*** Begin section ***
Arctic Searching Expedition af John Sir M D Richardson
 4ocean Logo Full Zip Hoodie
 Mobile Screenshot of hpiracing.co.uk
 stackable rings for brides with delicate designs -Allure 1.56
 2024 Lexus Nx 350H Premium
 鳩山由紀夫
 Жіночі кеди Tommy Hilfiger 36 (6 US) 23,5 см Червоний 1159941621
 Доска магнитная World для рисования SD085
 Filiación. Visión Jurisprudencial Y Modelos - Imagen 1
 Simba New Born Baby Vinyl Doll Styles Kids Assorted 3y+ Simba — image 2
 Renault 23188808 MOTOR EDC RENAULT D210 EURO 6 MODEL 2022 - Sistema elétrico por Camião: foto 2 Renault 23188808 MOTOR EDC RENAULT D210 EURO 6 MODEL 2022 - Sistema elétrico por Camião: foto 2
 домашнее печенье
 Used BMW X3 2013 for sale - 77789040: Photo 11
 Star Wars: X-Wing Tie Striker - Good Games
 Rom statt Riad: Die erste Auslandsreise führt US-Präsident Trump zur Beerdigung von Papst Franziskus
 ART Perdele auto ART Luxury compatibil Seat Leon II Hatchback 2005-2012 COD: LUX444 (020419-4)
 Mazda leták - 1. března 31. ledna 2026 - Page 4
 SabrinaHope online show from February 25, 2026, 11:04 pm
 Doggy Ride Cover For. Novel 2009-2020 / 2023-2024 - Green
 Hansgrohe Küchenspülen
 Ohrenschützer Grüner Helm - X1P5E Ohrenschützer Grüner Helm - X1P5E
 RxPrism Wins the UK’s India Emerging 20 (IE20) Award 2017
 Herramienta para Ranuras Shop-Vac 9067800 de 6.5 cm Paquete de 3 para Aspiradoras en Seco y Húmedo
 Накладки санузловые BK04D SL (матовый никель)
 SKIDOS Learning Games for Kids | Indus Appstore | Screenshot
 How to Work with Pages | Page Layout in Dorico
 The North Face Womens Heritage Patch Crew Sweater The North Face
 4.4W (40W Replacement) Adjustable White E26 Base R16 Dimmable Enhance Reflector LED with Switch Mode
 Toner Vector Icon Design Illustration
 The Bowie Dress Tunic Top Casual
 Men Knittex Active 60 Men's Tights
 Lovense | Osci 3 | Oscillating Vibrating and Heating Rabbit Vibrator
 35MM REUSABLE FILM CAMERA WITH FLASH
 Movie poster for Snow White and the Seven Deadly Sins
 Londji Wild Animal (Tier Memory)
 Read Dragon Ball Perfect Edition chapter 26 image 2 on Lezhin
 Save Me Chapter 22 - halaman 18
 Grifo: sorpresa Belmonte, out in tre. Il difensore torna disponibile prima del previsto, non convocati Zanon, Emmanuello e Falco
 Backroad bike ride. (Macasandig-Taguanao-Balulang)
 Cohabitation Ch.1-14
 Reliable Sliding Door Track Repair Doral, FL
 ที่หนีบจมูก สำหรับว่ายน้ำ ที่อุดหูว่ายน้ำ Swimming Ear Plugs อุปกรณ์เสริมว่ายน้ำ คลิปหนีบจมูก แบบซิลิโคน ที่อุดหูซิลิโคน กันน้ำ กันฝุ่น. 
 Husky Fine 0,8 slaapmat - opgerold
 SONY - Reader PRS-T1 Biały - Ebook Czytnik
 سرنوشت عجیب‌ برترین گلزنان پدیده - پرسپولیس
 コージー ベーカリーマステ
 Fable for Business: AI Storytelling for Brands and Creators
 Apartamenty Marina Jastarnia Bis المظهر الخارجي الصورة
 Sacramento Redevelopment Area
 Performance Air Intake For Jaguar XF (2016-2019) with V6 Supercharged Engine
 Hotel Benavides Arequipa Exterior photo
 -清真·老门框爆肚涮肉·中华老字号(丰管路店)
*** End section ***
ABOUT THIS TASK
Wherever a line holds the word "White", copy that line out of the entries above.

ANSWER SPACE
 4.4W (40W Replacement) Adjustable White E26 Base R16 Dimmable Enhance Reflector LED with Switch Mode
 Movie poster for Snow White and the Seven Deadly Sins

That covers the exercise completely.